The book Rip It Up and Start Again published in 2005 by British rock-critic Simon Reynolds was a pretty accurate prediction of the future. The 21st century was going to be a clever recycling of every genre that had so far emerged during the last fifty years of pop-music, whether we're talking about rock, electro, mainstream pop, or urban music. Without hindering creativity, modern production would be a succession of replicas of past hits, from nu-rave to the return of rock via deep house, punk, and synth-pop. Reynolds had hit the nail on the head, a fact that I made clear to him the first time we crossed paths. But there was one exception: dubstep. It’s one of the only new styles to have emerged over the last decade and the label Hyperdub is an industry benchmark. As its name suggests, like a ghost emerging from the Tube dubstep borrows its generous bass from electro dub, whilst incorporating other typically British styles such as the 2-step of the 90s, grime, ragga, and drum’n’bass, whose syncopated beats dubstep often borrows.
For those discovering Burial (the most important producer of the genre and Hyperdub's figurehead) for the first time it will become clear that, despite influence from dub, some techno, and even trip-hop or cold-wave, dubstep has begun a new chapter in musical history. Having released two albums and a flurry of EPs, Burial has managed to make uncompromising music that remains human and accessible. Thanks to his 2007 masterpiece, Untrue, I don’t think he has any challengers to the title of electro legend of the 21st century.

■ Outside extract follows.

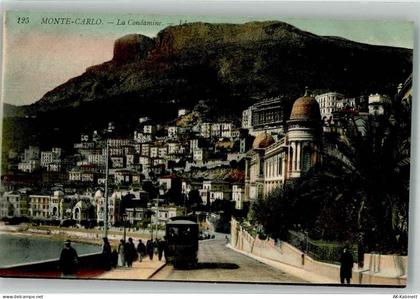 Monte Carlo Foto AK Straßenbahn La condamine - 38065582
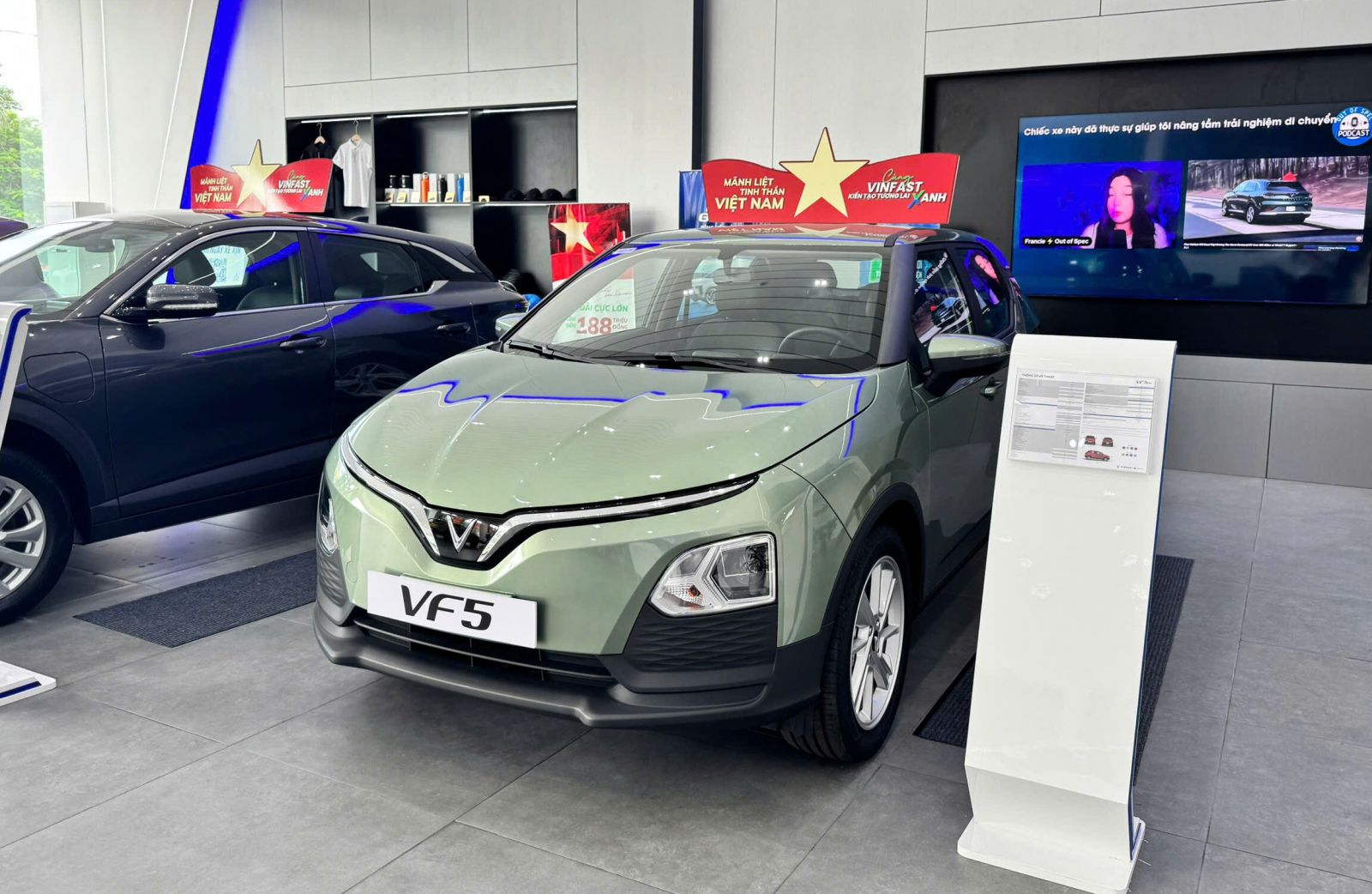 VinFast VF5 ưu đãi giá “chạm đáy” trong những ngày cuối tháng 7/2026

On this album I can hear echoes of voices from beyond the grave, prisoners of a particularly British island mindset, the darkness of Massive Attack’s Mezzanine, the Clash’s political polemic on Sandinista!, and the impactful, stripped back style of Moritz Von Oswald. Through his success, Burial has contributed to the atmosphere of Hyperdub where he’s been since the start. The label is an independent company that was founded in 2004 by Steve Goodman, himself a producer under the name Kode9.
As if to demonstrate that dubstep is not limited by what has come before, Hyperdub puts out a rich and varied catalogue – and not all of it dubstep, as in the case of producers such as American Laurel Halo and the Kuwaiti Fatima Al Qadiri. Open to what’s new and exciting, and as if to avoid a dubstep dead end, Hyperdub also welcomed Chicago producer DJ Rashad – a pioneer of footwork who passed away in 2014 – as well as Samiyam and Jessy Lanza. Though their work might seem as though it comes from another universe, the quality of their output still feeds the coherence created by Hyperdub.
Taking a trip through Hyperdub’s sound is not quite an adventure into unknown lands, as each experiment usually has a familiar sound to which to relate. Therefore its importance is not so much in a revolution in music production, as in the mental strength of its creations. A label whose logo and brand are still a guarantee of quality is a rare pearl these days.